Nations across the world have criticised the new Hong Kong security law imposed by China. America has said the law is a brutal, sweeping crackdown against the people of Hong Kong, intended to destroy the freedoms they were promised.
UK Prime Minister Boris Johnson said the passing of the law was a “clear and serious breach” of the 1985 Sino-British joint declaration. Under this declaration, Hong Kong was handed back to China in 1997, with certain freedoms guaranteed for at least 50 years under the “one country, two systems” agreement.

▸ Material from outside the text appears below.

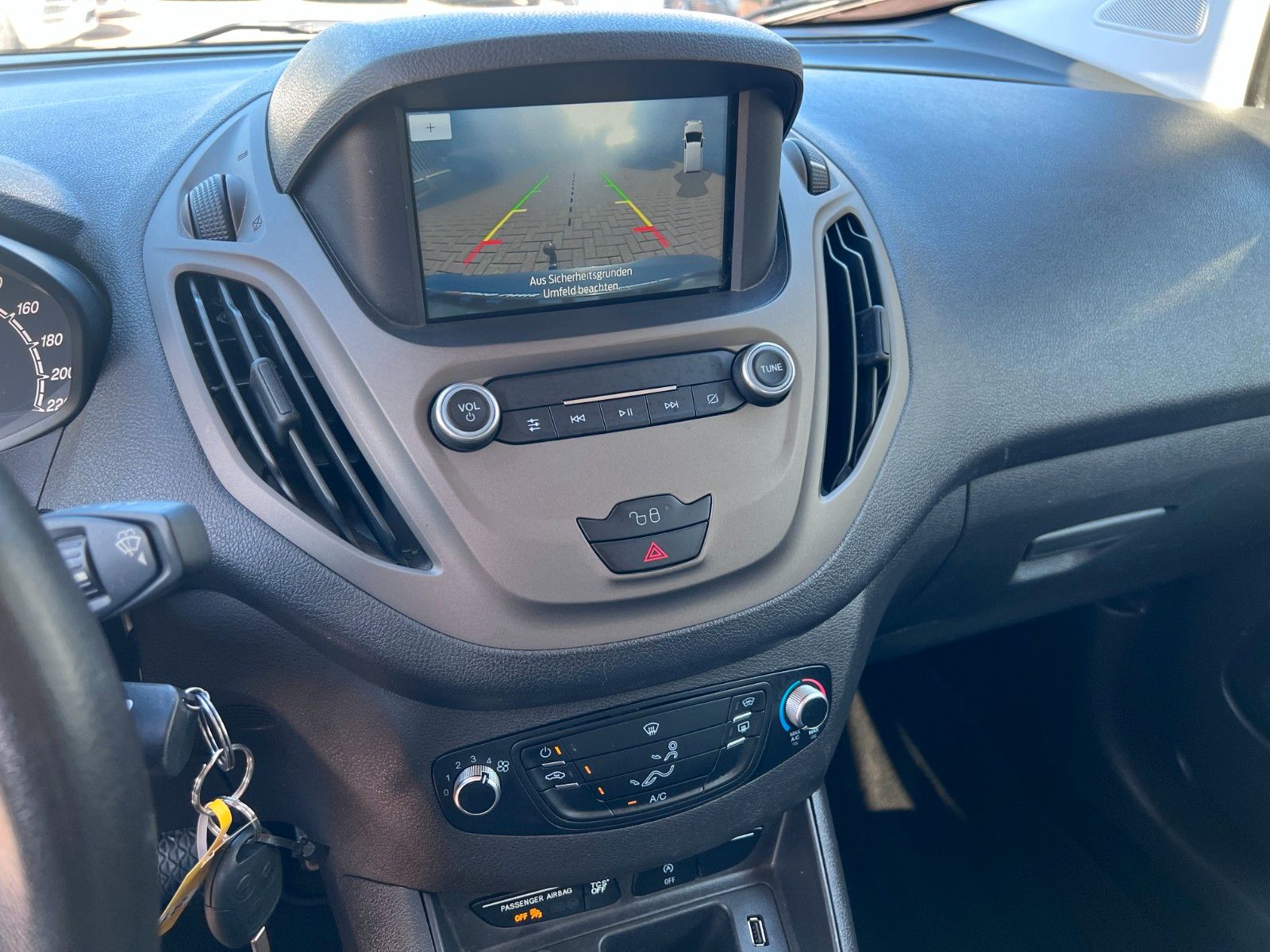 pirkite Lietuvoje Ford Tourneo Courier 1.5 Diesel | Cam Navi | 1.Hand | nuotrauka №20 | Unis.lt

The UK said it will offer up to three million Hong Kong residents the chance to settle there and ultimately apply for full British citizenship. Australia is also “actively considering” offering safe haven to Hong Kong residents, with Prime Minister Scott Morrison saying there were proposals that will “soon be considered by cabinet”. Japan was among the other countries that spoke out against the law, calling it “regrettable”.
“It will undermine trust for the principle of ‘one country, two systems'” said Foreign Minister Toshimitsu Motegi. European Council President Charles Michel said it “deplored” the law – adding that it had a “detrimental effect on the independence of the judiciary and rule of law”. Canada has changed its travel advice to Hong Kong, saying the new law “increased the risk of arbitrary detention on national security grounds and possible extradition to mainland China”.
However, despite condemnation in the West, more than 50 countries, led by Cuba, supported China at the UN this week. China has said the security law was necessary to stop the type of protests seen in Hong Kong during much of 2019.
Speaking at the 44th session of the United Nations Human Rights Council, China said: “Non-interference in internal affairs of sovereign states is an essential principle enshrined in the Charter of the United Nations.
Under the new law, inciting hatred of China’s central government and Hong Kong’s regional government are offences. Acts including damaging public transport facilities – which often happened during the 2019 protests – can be considered terrorism.